Before they settled on Beyond Our Control, though, and even apparently before they had settled on the creative mission to parody television, Williams wrote up a memo proposing guidelines for possible titles:
I wish I could have been in the room (or in Dave Williams’ head) to learn how Beyond Our Control was chosen, but this memo gets us pretty close to the answer. A clever but not coy title that is easy to convey in publicity and raises connotations of a program offering the perspective of a spectator seeking to probe the motley sight of TV’s diversions, with an accent on the light and humorous? Beyond Our Control nailed it.
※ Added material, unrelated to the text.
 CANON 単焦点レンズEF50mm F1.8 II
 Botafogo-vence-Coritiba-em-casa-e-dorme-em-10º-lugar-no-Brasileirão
That title is also a generous gift to anyone (me) trying to analyze the meaning of everything behind the production. BOC was fundamentally about control — bestowing it upon teenagers, trusting them with it, contending with the consequences when they lost it. The “our” also signified creative ownership and empowerment while implicitly drawing lines that designated who stood beyond its boundaries. The fact that it could get beyond their control also signalled to viewers that they couldn’t predict what would appear on their TV screens next, and if they didn’t like that, well, they should take command of channel switching themselves.
Or maybe Dave Williams just thought it sounded cool? Who knows.